Motion for Rehearing Denied September 24, 1980.

*82 Albert S. Low, Jr., Houston, for appellant.

Robert Huttash, State's Atty., Austin, for the State.

Before ONION, P. J., and PHILLIPS and TOM G. DAVIS, JJ.

Rehearing En Banc Denied July 3, 1979.

State's Motion for Rehearing Denied September 24, 1980.


ONION, Presiding Judge.

This is a post-conviction habeas corpus proceeding instituted under the provisions of Article 11.07, V.A.C.C.P.

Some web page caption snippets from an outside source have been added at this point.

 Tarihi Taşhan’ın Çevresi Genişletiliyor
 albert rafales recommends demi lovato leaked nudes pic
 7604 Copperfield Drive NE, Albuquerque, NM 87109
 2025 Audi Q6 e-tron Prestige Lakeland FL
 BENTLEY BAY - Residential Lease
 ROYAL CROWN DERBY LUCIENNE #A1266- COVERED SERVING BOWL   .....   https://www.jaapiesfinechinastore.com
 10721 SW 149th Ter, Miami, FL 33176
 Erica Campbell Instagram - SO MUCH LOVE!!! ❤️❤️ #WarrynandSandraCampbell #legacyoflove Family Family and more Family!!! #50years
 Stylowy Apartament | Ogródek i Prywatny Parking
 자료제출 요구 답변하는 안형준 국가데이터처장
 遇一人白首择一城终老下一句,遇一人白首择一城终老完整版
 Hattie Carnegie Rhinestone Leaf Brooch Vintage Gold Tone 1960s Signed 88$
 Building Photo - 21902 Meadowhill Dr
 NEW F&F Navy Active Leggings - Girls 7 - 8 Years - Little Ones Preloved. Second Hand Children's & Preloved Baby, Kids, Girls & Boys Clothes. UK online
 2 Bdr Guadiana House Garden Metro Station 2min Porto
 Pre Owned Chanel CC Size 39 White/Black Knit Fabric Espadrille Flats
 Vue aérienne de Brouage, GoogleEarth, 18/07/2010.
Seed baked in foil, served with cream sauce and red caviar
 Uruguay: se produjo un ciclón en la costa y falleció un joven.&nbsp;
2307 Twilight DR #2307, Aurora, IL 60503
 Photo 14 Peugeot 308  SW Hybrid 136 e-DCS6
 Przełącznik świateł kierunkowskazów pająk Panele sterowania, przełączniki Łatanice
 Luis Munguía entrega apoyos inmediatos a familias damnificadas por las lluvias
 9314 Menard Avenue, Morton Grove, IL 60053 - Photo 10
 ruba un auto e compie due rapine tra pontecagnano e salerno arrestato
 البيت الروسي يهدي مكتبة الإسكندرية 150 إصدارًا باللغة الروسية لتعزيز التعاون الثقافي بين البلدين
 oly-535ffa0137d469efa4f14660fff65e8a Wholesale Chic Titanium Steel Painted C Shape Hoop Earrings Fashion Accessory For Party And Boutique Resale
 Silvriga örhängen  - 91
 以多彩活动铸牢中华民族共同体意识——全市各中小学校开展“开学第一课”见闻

In 1973 petitioner was convicted by a jury for the primary offense of robbery by assault. At the punishment phase of the trial, the jury found that, prior to the commission of the primary offense, petitioner had been convicted of the offense of robbery with firearms in Cause No. 21, 450 in the District Court of Tulsa County, Oklahoma, on November 12, 1965. Petitioner appealed his conviction this court. The judgment of the trial court was affirmed. Nichols v. State, 511 S.W.2d 269 (Tex.Cr.App.1974).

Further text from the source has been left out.